田舎者の野良着姿で踊って楽しむ6月の聖人祭(フェスタ・ジュニーナ)がサッカーW杯の応援騒ぎと平行して州内各地で行われています。
この時期は季節的には“収穫祭”のお祝いも兼ねているのですが、当州内陸部
は今年旱魃で穀物等の生産が「ほぼ壊滅」という相当悲劇的な状況。でもここまで歓喜できるのはやはり国民性で
しょうか。
大統領も首都ブラジリアの公邸で閣僚らを集めて盛大な6月祭のイベントを開催しました。写真はそのときの招待状です。ハート型の招待状の中で踊るポーズの大統領夫妻。なにかとイベント事が多いブラジルでは招待状のデザイン、その印刷のスタイルが非常に多彩かつ趣向を凝らしていているのでコレクションしたいくらいですが、特に大統領からの招待状などは垂涎の一枚です。今回のは特に凝った作りものでないですが、6月祭は本来農村の大衆のお祭り。それを意識してあえて安っぽく仕上げているのではと思います。

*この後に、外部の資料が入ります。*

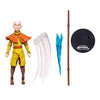 ToyShnip McFarlane Toys Avatar: The Last Airbender (Aang or Prince Zuko) 7"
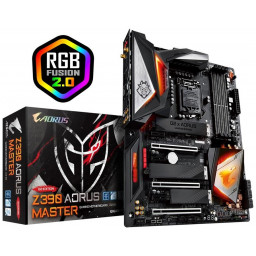 Материнская плата Gigabyte Z390 AORUS MASTER G2 Edition - 1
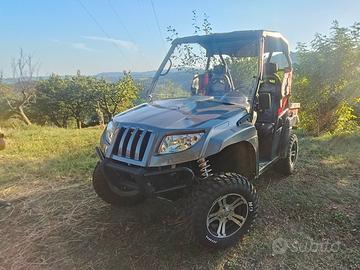 utv Arctic Cat Prowler 1000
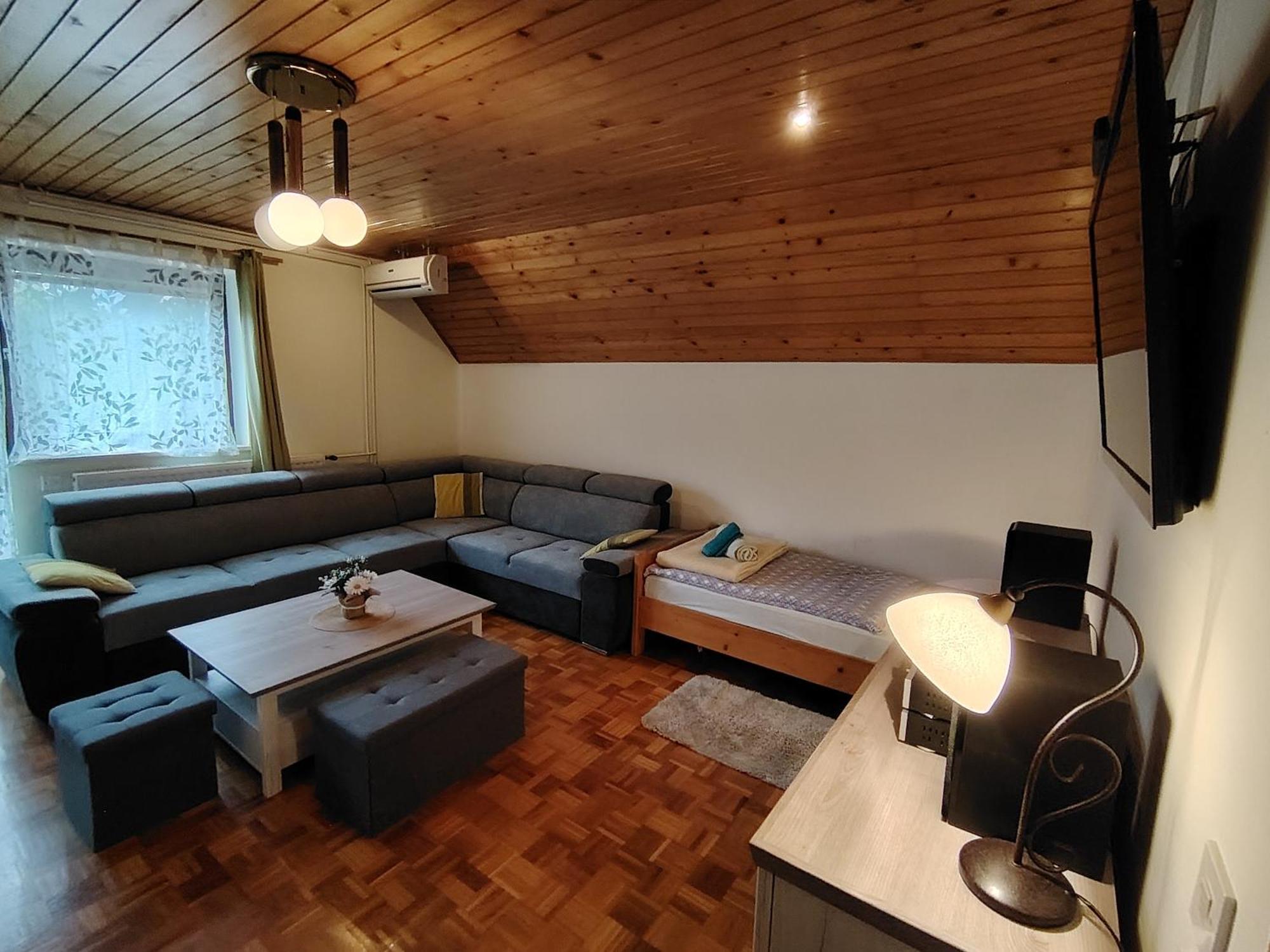 Fantastic Apartment Brglez Bohinjska Bela Eksteriør billede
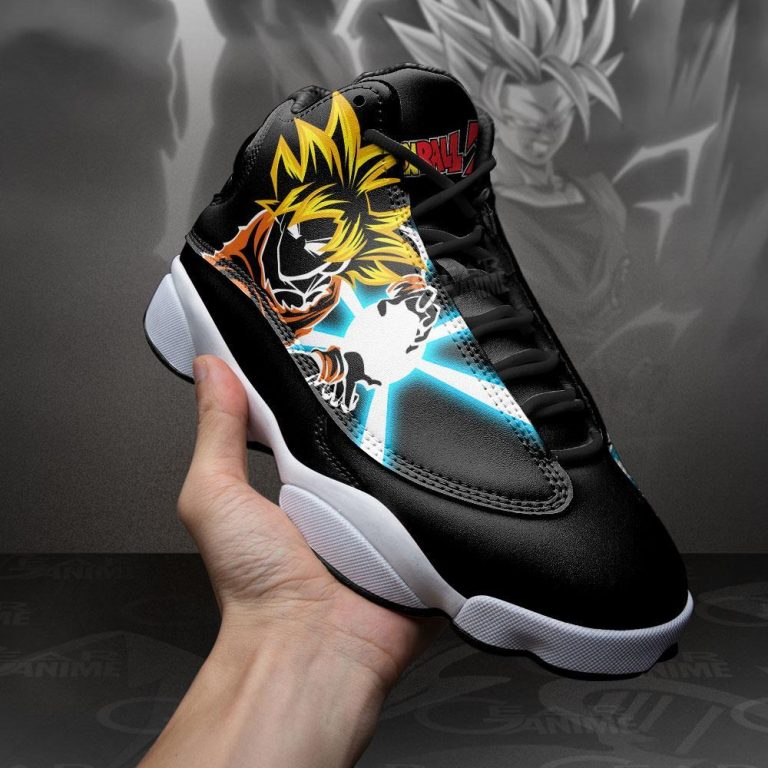 Dragon-Ball-Goku-Kanji-Symbol-Air-Jordan-13-Sneaker-Shoes-3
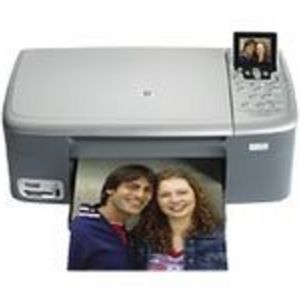 HP Photosmart 2575 All-In-One Printer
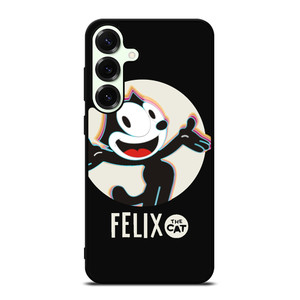 CARTOON FELIX THE CAT Samsung Galaxy S25 Plus Case Cover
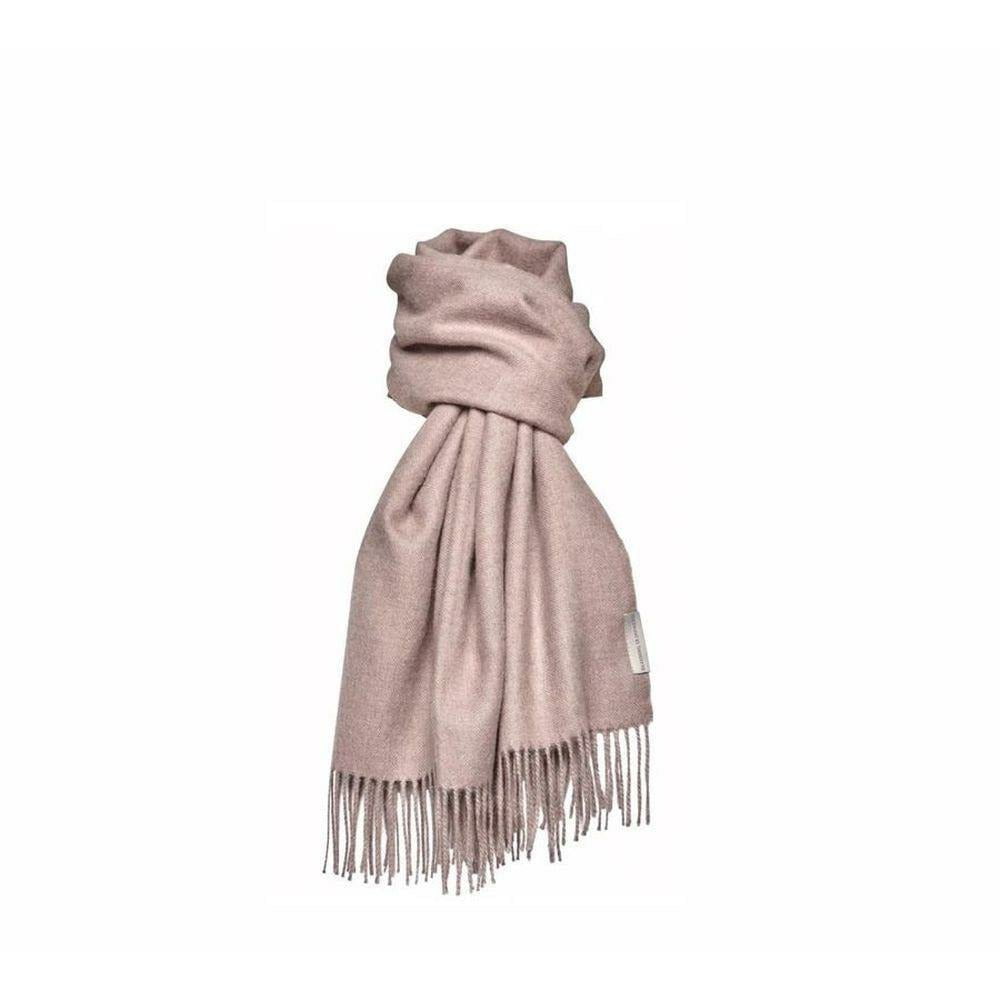 [product_category]-Silkeborg Uldspinderi Cusco Scarf 60 X200 Cm, Dusty Rose-Silkeborg Uldspinderi-5710390050091-00-1028-1927-SIL-1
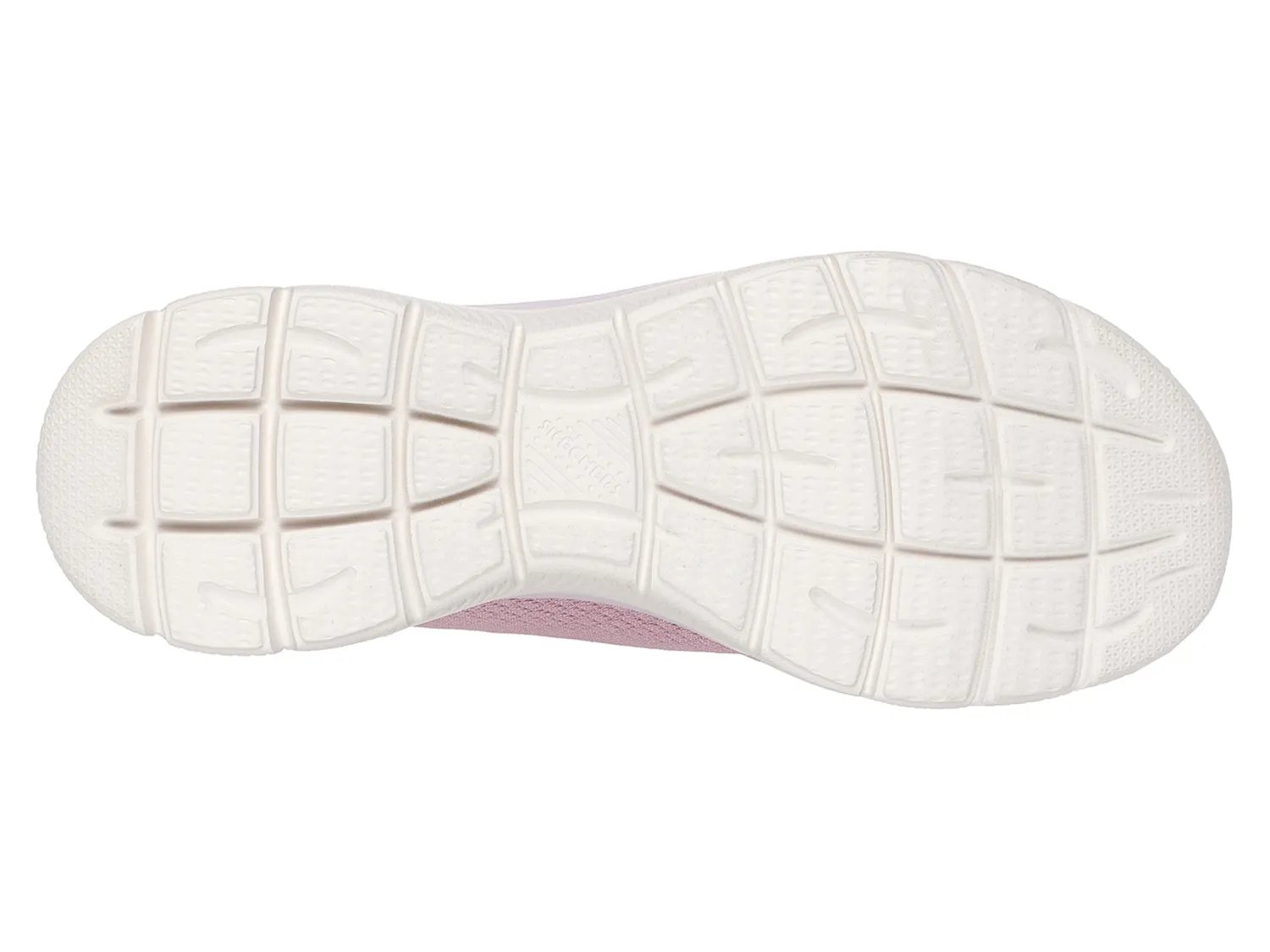 Кроссовки Skechers Summits Summer Blush Sneaker - Women's, светло-розовый — фото 4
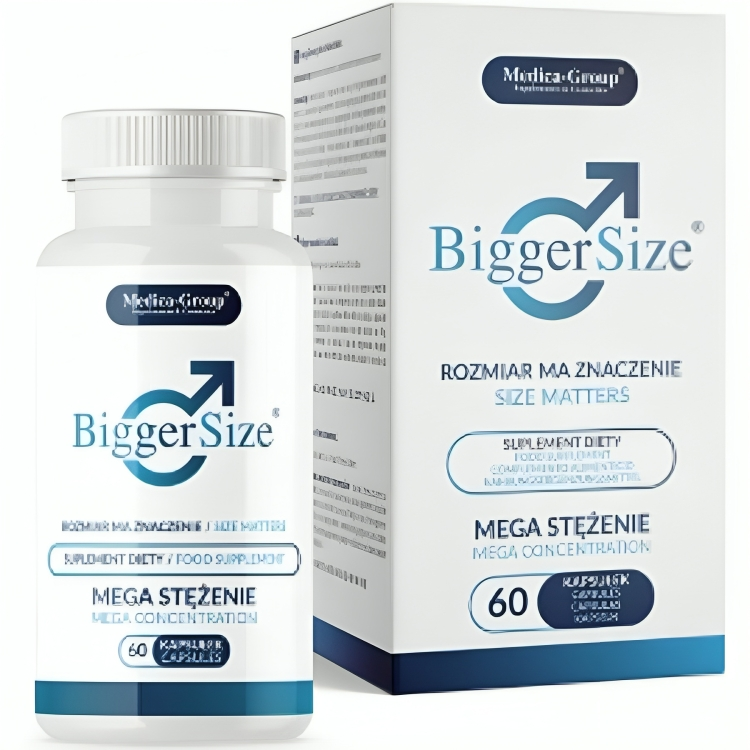 Medica Group Bigger Size Penis Enlargement 60 Capsules - 3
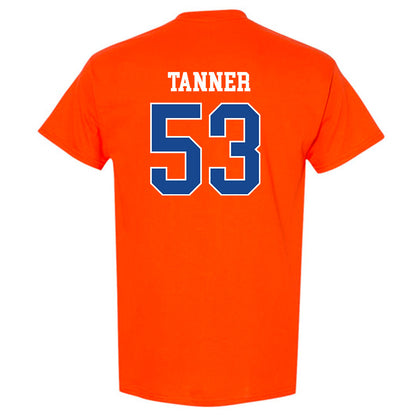 Boise State - NCAA Football : Ty Tanner - Classic Fashion Shersey T-Shirt-1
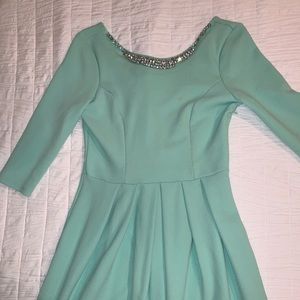 Francescas scuba cocktail dress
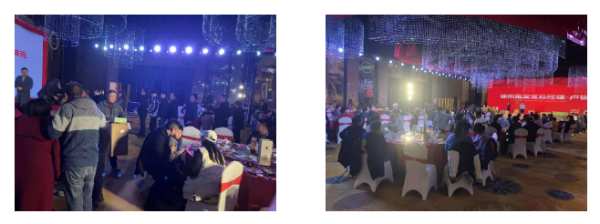 兔宝宝徐州家具厂答谢会成功召开！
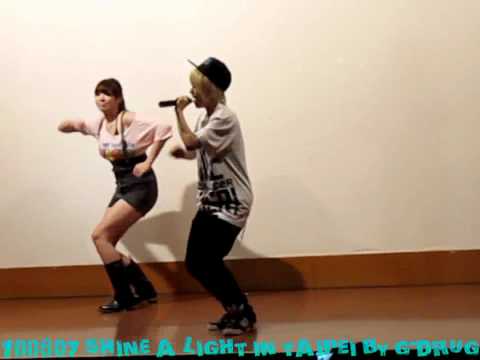[G-Drug]100807 Shine A Light in Taipei - Breathe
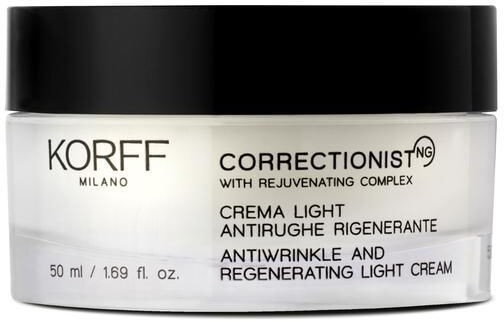 Korff Correctionist Ng Anti Wrinkle Light Cream 50ml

このイベントでは招待客の閣僚らも田舎者の格好をしてくることが“ドレスコード”になっていたそうです。欧米で政治家・官僚の宴といったらスーツ姿でフォーマルに着飾って、さしずめ舞踏会や晩餐会でも開かれるところでしょうが、どんなときも堅苦しく気取らないのがブラジル流。そしてブラジルはまだまだ「世界の田舎」なのかもしれません。そこで思い出したのが次の一句。
ブラジルは世界の田舎 むかご飯 佐藤念腹*
* 高浜虚子の弟子でブラジルに俳句を広めた人物
* 零余子飯(むかごめし)は晩秋・生活の季語ですので、季節外れですが。